◆ Work to be completed ◆
If pictures appear, leave them out, and return exactly the lines from the one holding "Thứ trưởng Lê Thị Thu Hằng làm việc tại Mỹ" through the last line of the listing below.

◆ Extracted material ◆

------------------------------------------------------------------------

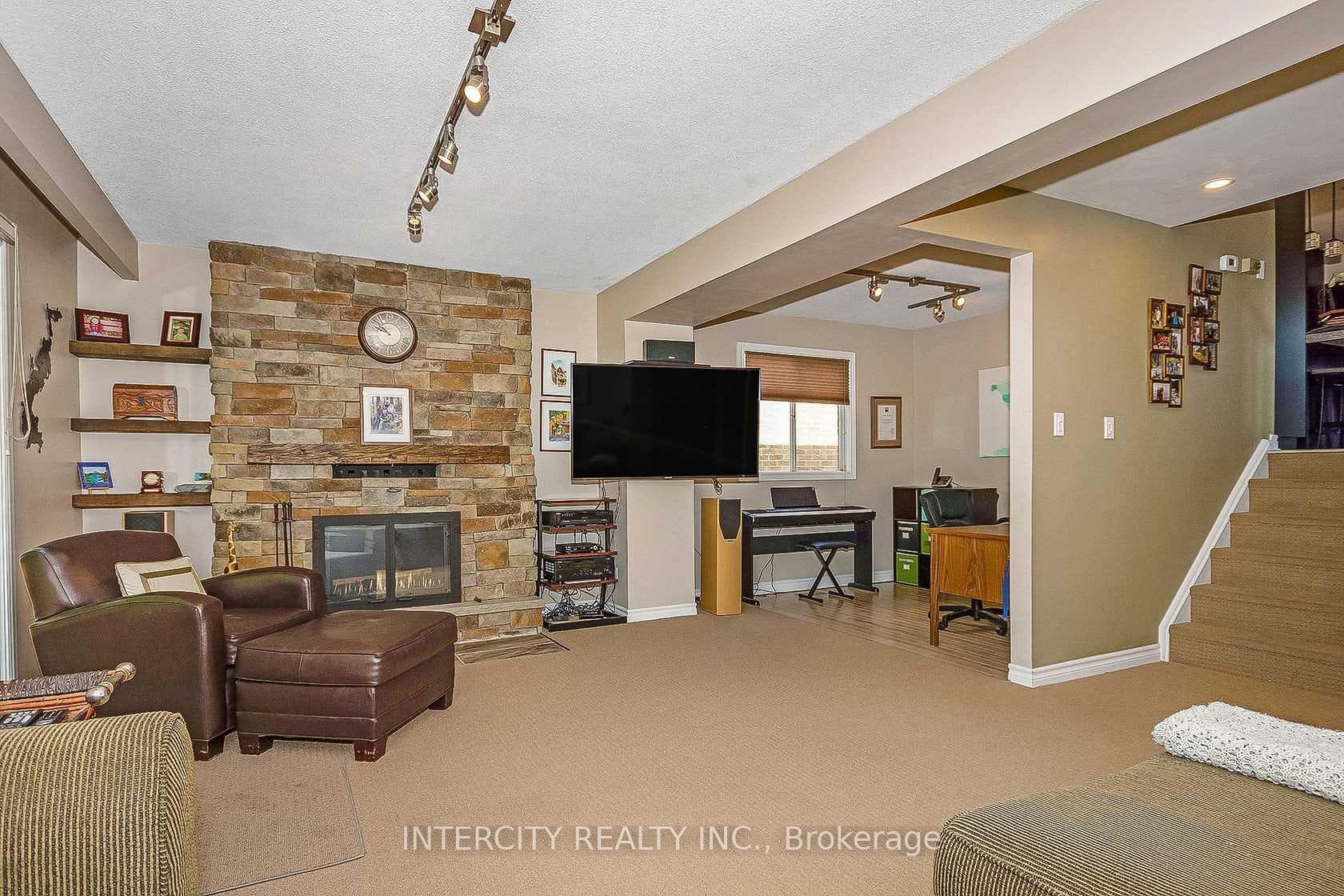 1404 Harmsworth Square photo 28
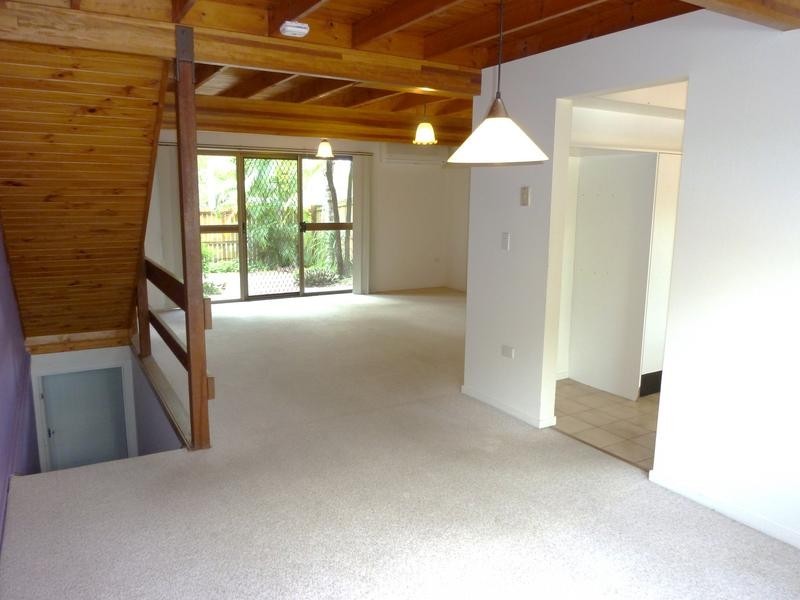 8/21 Jane Street, Arana Hills QLD 4054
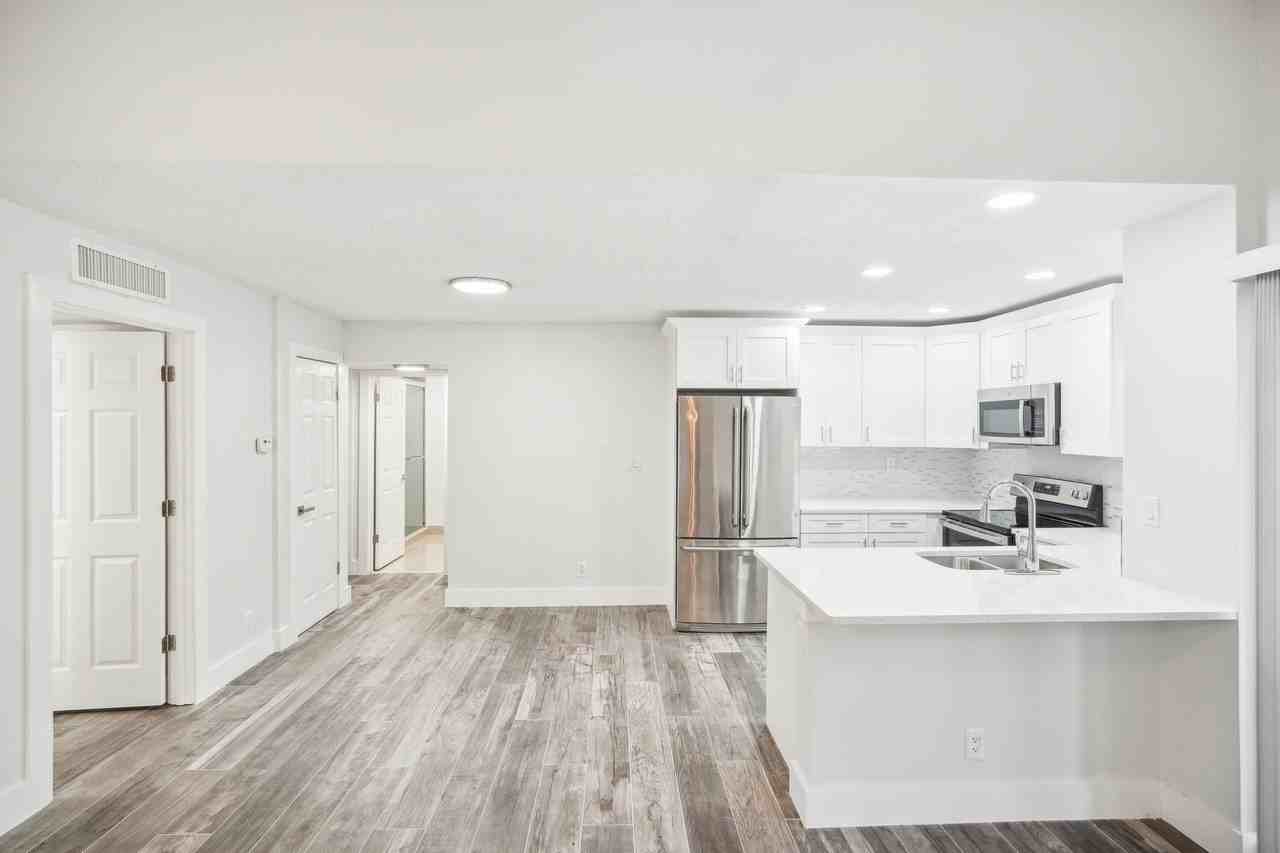 South Bay Apartments - Photo 4 of 21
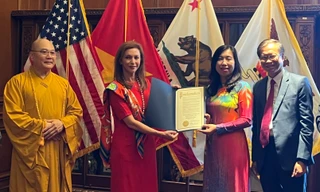 Thứ trưởng Lê Thị Thu Hằng làm việc tại Mỹ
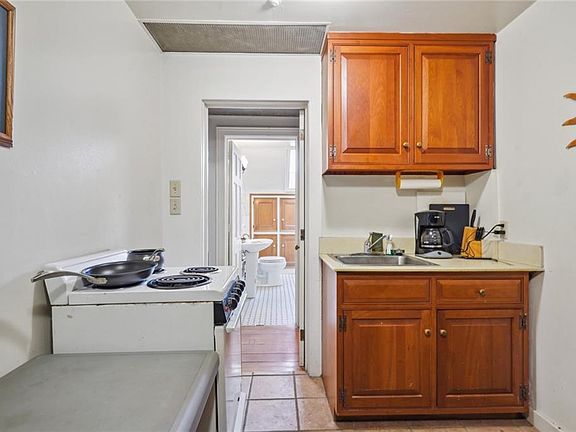 5th image of 519 Madison St #C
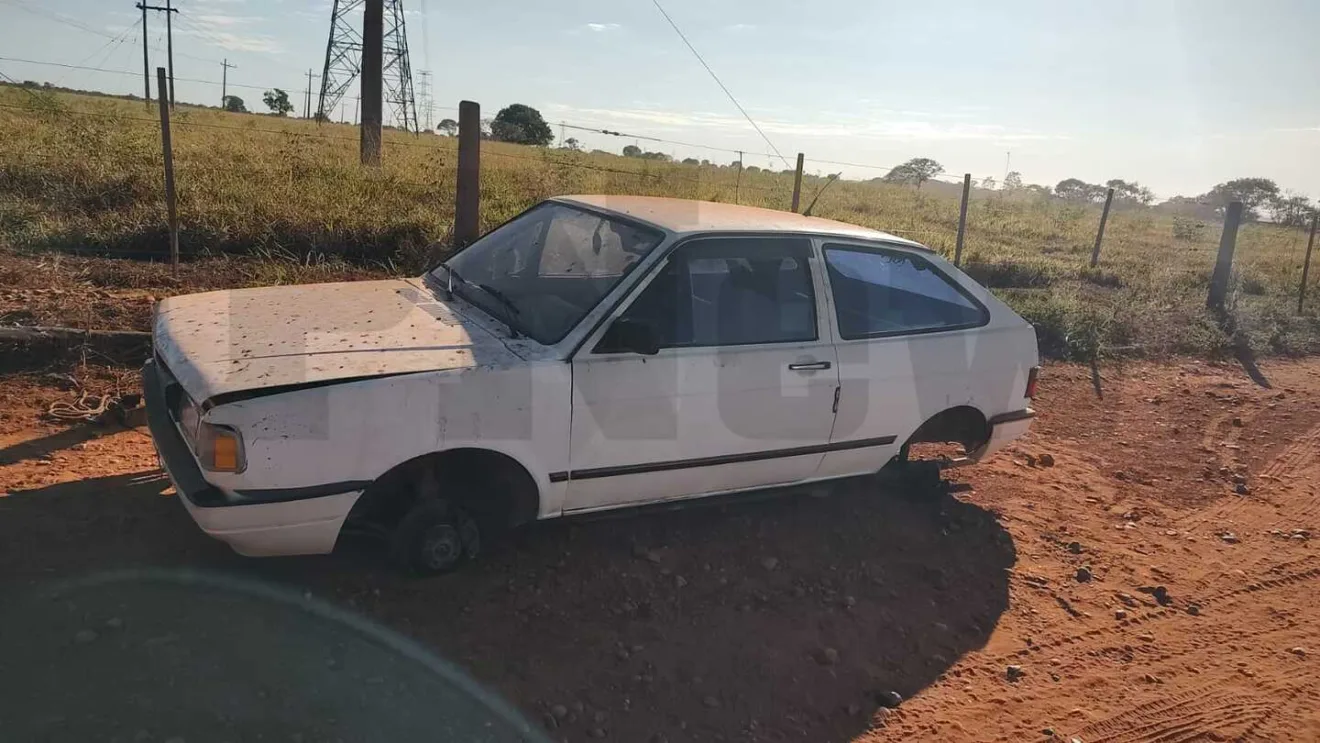 Pessoas tentaram levar o carro utilizando tratores. - Foto: Alfredo Neto/JPNews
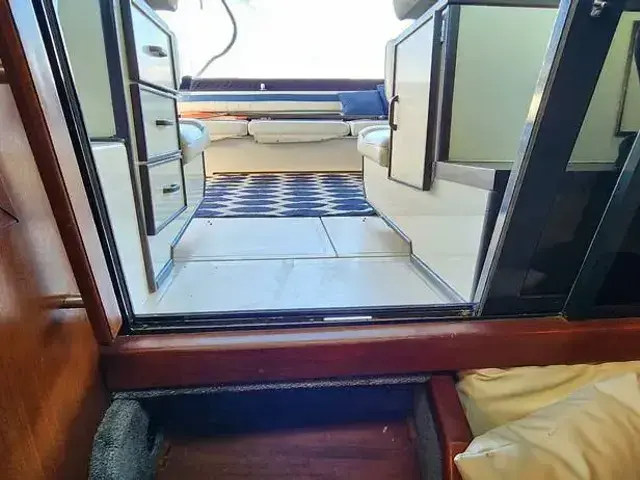 Sea Ray 390 Express Cruiser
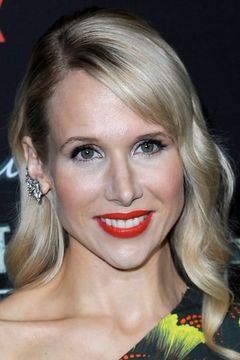 Lucy Punch interpreta Nurse Gayle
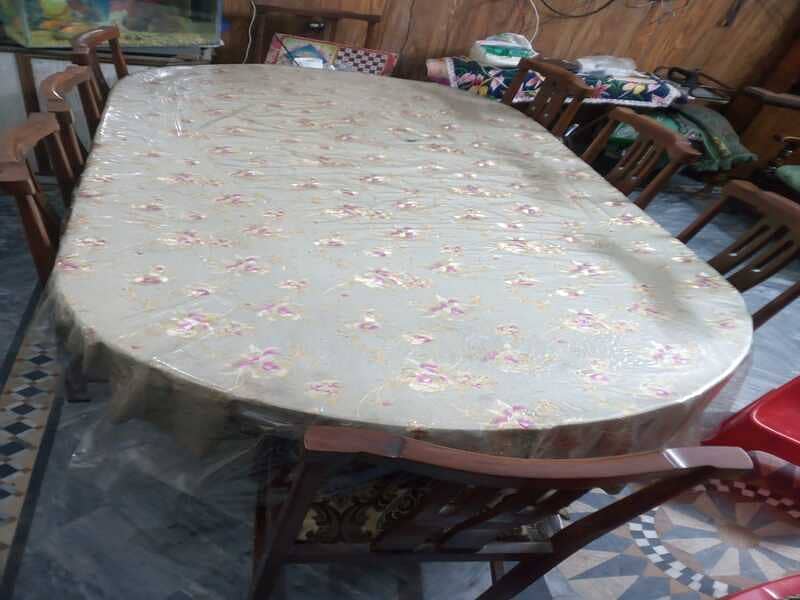 خوبصورت لکڑی کا ڈائننگ ٹیبل بمعہ 8 کرسیاں برائے فروخت 2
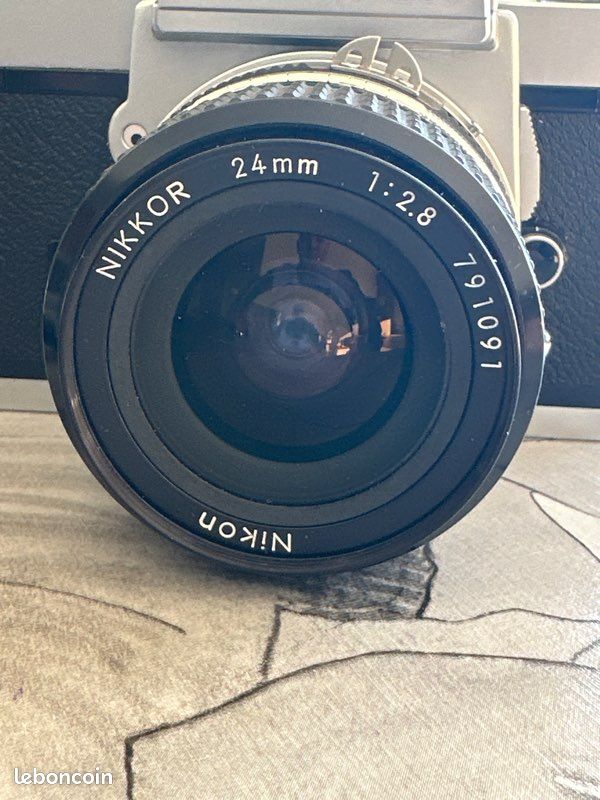 Objectif NIKKOR 24mm 1:2.8 (image 1)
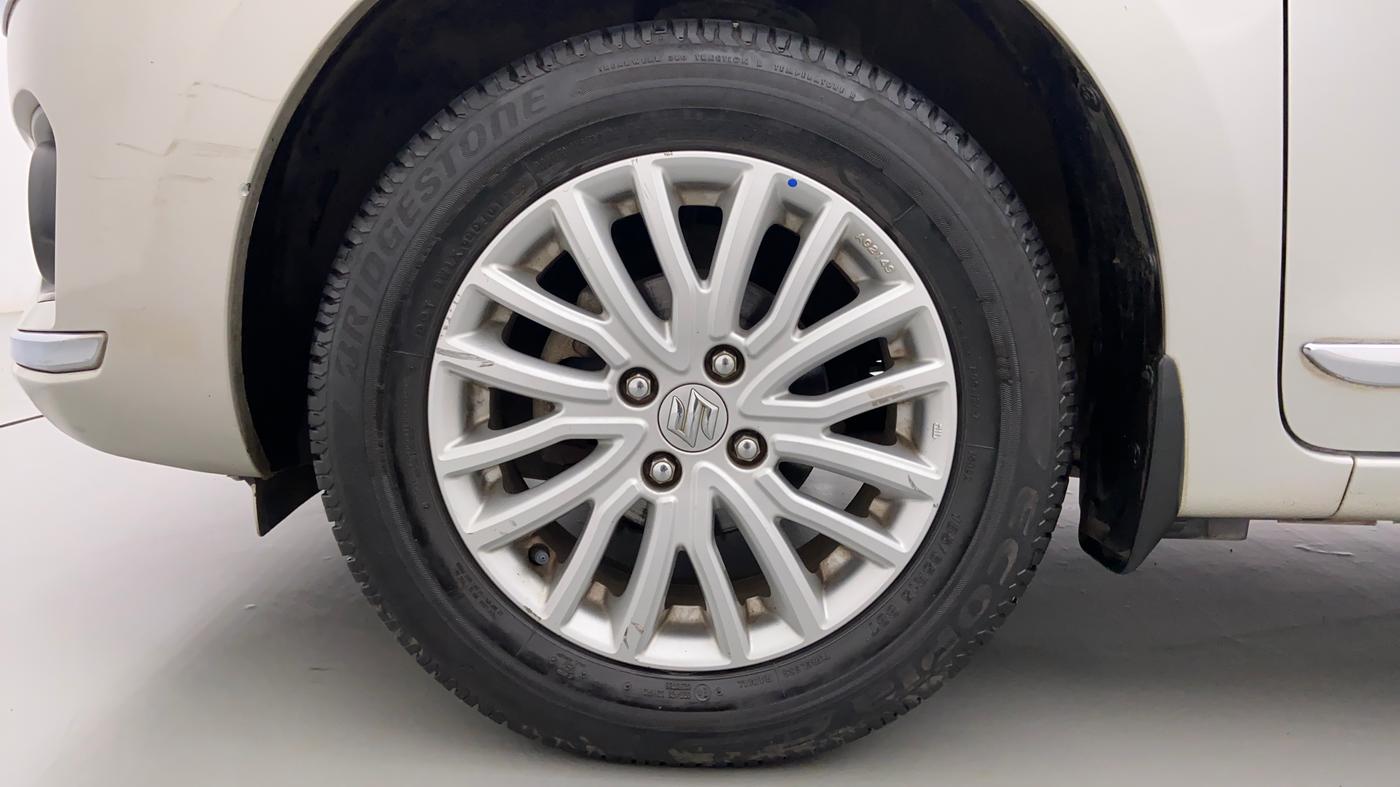 2018 Maruti Dzire ZXI, Petrol, Manual, 32,691 km, Left Front Wheel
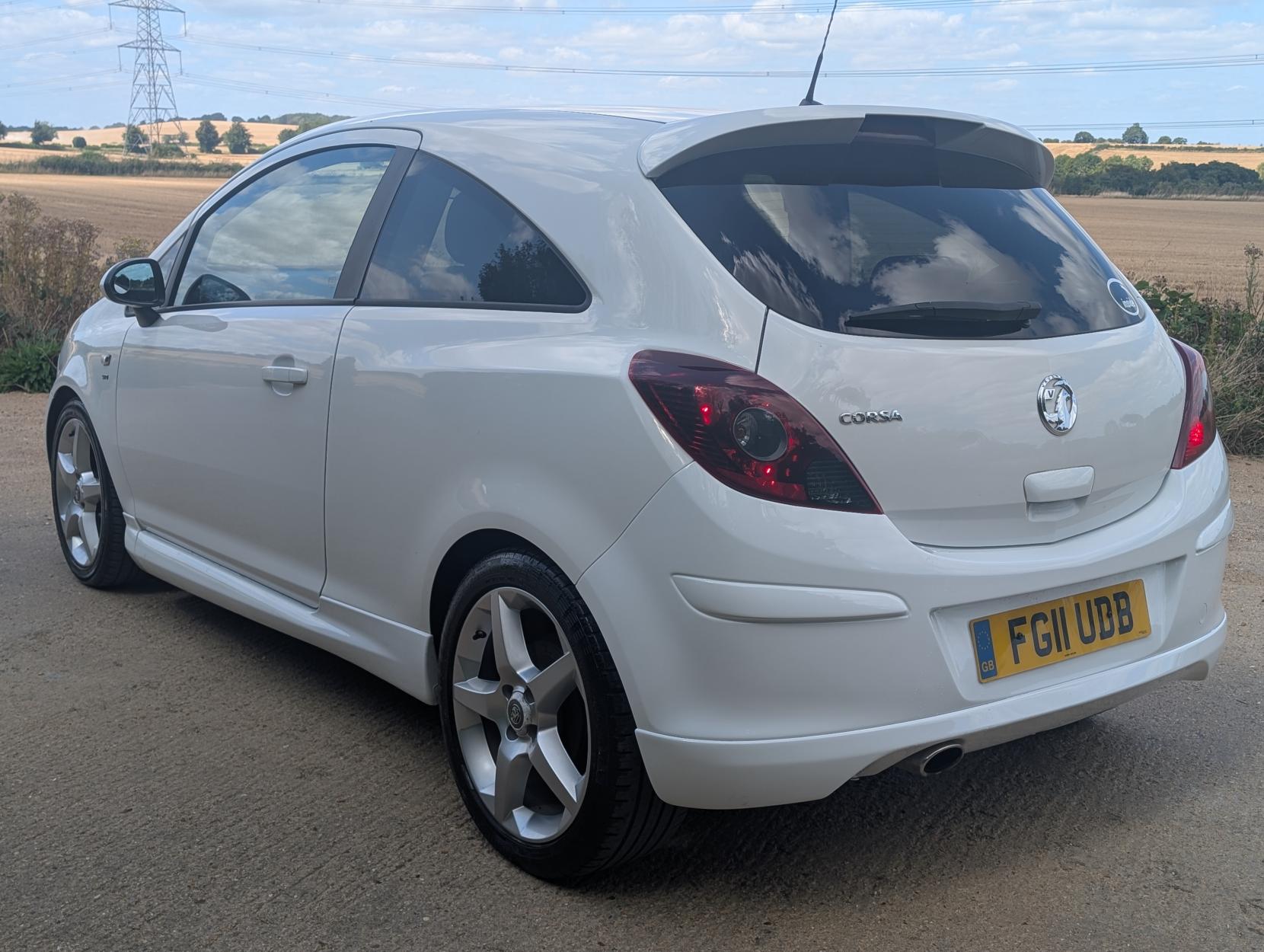 Vauxhall Corsa 1.4 16V SRi Hatchback 3dr Petrol Manual Euro 5 (A/C) (100 ps)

------------------------------------------------------------------------

◆ Response to this exercise ◆
 Thứ trưởng Lê Thị Thu Hằng làm việc tại Mỹ
 5th image of 519 Madison St #C
 Pessoas tentaram levar o carro utilizando tratores. - Foto: Alfredo Neto/JPNews
 Sea Ray 390 Express Cruiser
 Lucy Punch interpreta Nurse Gayle
 خوبصورت لکڑی کا ڈائننگ ٹیبل بمعہ 8 کرسیاں برائے فروخت 2
 Objectif NIKKOR 24mm 1:2.8 (image 1)
 2018 Maruti Dzire ZXI, Petrol, Manual, 32,691 km, Left Front Wheel
 Vauxhall Corsa 1.4 16V SRi Hatchback 3dr Petrol Manual Euro 5 (A/C) (100 ps)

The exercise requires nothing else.